I will always remember that bit of bureaucratic doggerel and obfuscation. However, I only note that it happened; you can draw your own conclusions.

This year I proposed similar restoration forestry treatments on the Willamette National Forest to be funded under the Secure Rural Schools and Community Self-Determination Act. The Regional Advisory Committee (RAC) rejected my proposals. The Forest Supervisor of the Willamette NF was quite upset with me for even making the proposals. He wanted me to make it quite clear to the RAC that the Willamette NF wanted no part of restoration forestry, had not contributed nor collaborated in any way, shape, or form, and were dead set against it.

You can draw your own conclusions.

One of the RAC members is a retired USFS official, at one time the Director of the Columbia River Gorge National Scenic Area [here]. We have a personal history.

His staff promulgated a Management Plan that required private landowners to leave trees when conducting harvest operations. The minimum number of trees to be left was 400 trees per acre 25 feet tall or taller. I pointed out (in a series of letters and testimonies) that 400 trees per acre is 10-foot spacing. Trees 25 feet tall at 10 foot spacing constitutes a thicket so dense as to be unnatural. No existing stand in the Mid-Columbia even came close to the minimum density required under the Plan.

You see, the USFS staff had no foresters nor anyone who had an inkling of what 400 trees per acre looked like. At Camp Baldwin we thinned down to 40 to 50 trees per acre. That’s what saved that forest from immolation and saved the owl habitat, too.

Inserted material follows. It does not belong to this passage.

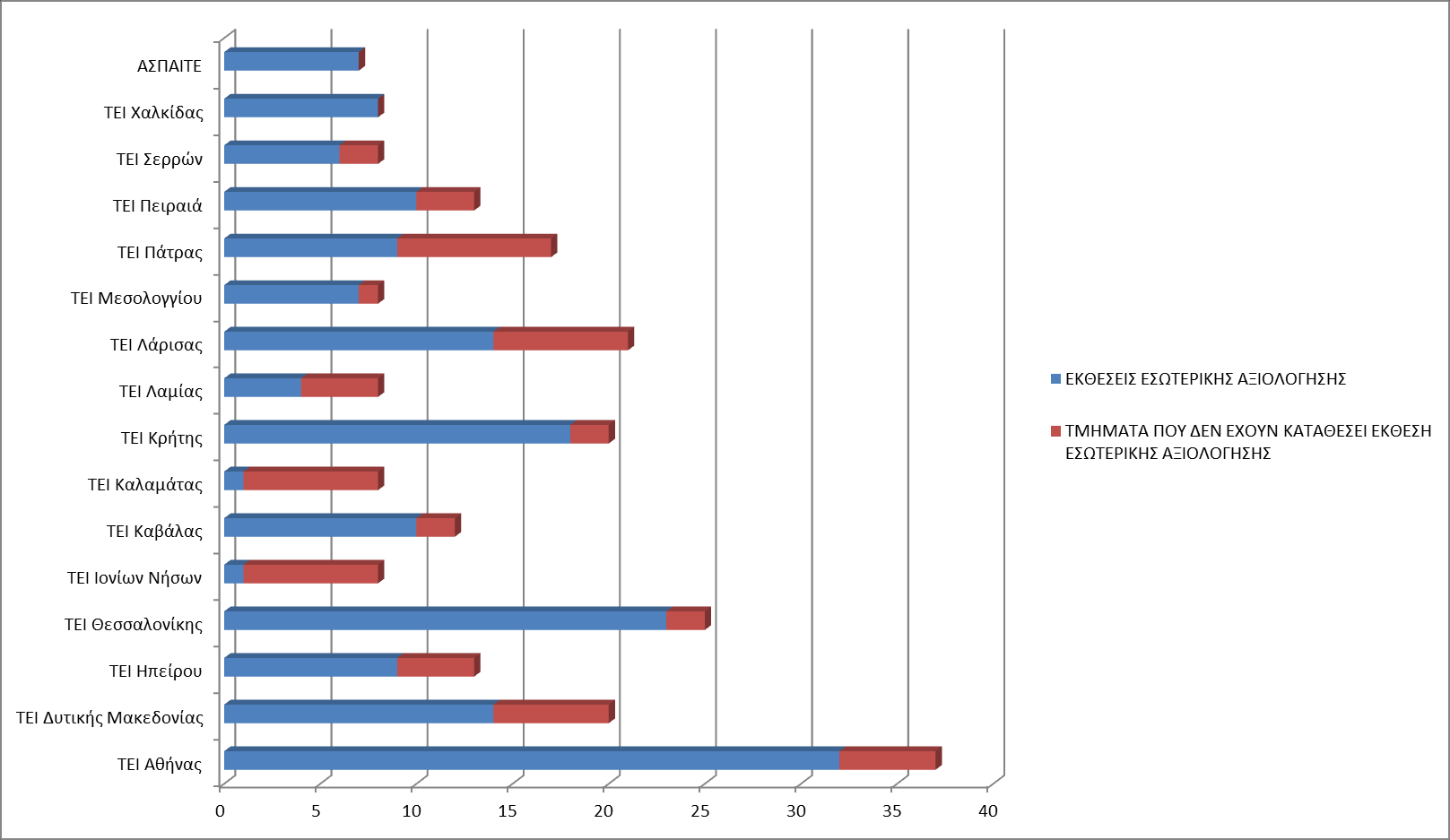 Γράφημα 4.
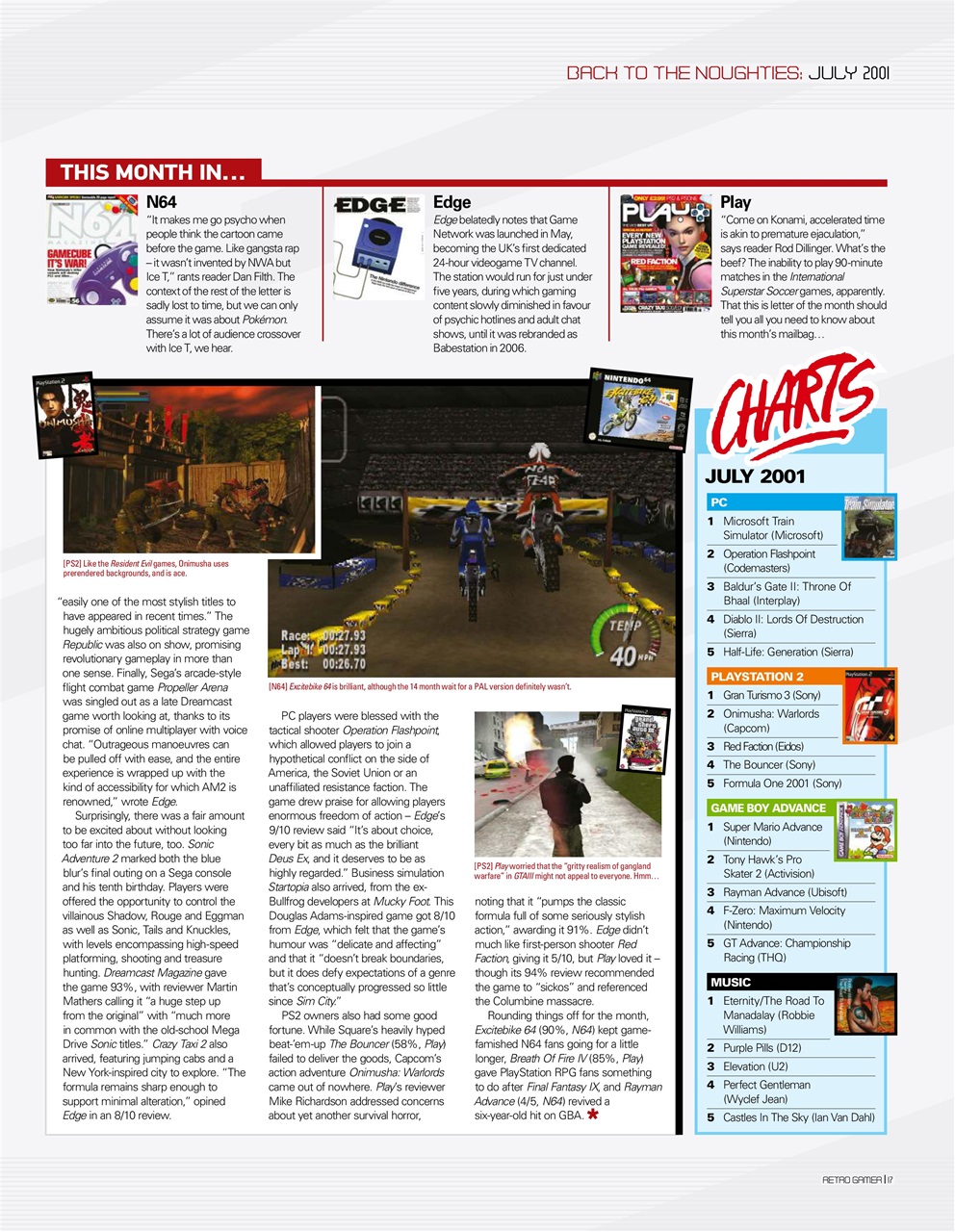 Retro Gamer Preview Pages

To my knowledge the Plan was never altered despite my protests. I bring this up only as a matter of historical curiosity. Conclude what you will.

That official (now retired and sitting on the RAC) had come the Gorge from the Los Padres NF. In 2007 and 2008 the Los Padres NF was swept by the two largest and most expensive fires in California state history, the Zaca Fire and the Basin/Indians Fire. One cause of those fires was build up of fuels in the absence of any fuels management or restoration of any kind.

That’s the kind of legacy that results from unmanagement, in my professional opinion. But you are more than welcome to draw your own conclusions.

Today Obama’s new Forest Czar, Agriculture Secretary Tom Vilsack, shut down all management projects in “roadless areas” that comprise 58.5 million acres of our National Forests [here]. He called a “time out.” Unfortunately, he did not call a time out to catastrophic forest fires that denude, degrade, and convert forests to tick brush, much to the detriment of spotted owls, fish, people, and other living things.

Twenty-five years is a long time. Look at all the progress we’ve made. But who am I to criticize? Please draw your own conclusions.

29 May 2009, 9:15am
by Forrest Grump


And THAT’s a small part of the history that happens and is lost when ignored. 400 sticks an acre? Nuts!

29 May 2009, 1:12pm
by Larry H.


I’ve seen “Ologists” before refuse to disclose the locations of special areas like nest trees and archeological sites before. I fnally had to ask them this one question; How am I supposed to protect the site from loggers if you won’t tell me where it is?!? After a little thinking, they finally decide to put it on a map and give it to me. some of them think that I would go out there and shoot the birdies or plunder their cultural sites. However, when they weigh the issues, they have to decide that protection is better than secrecy.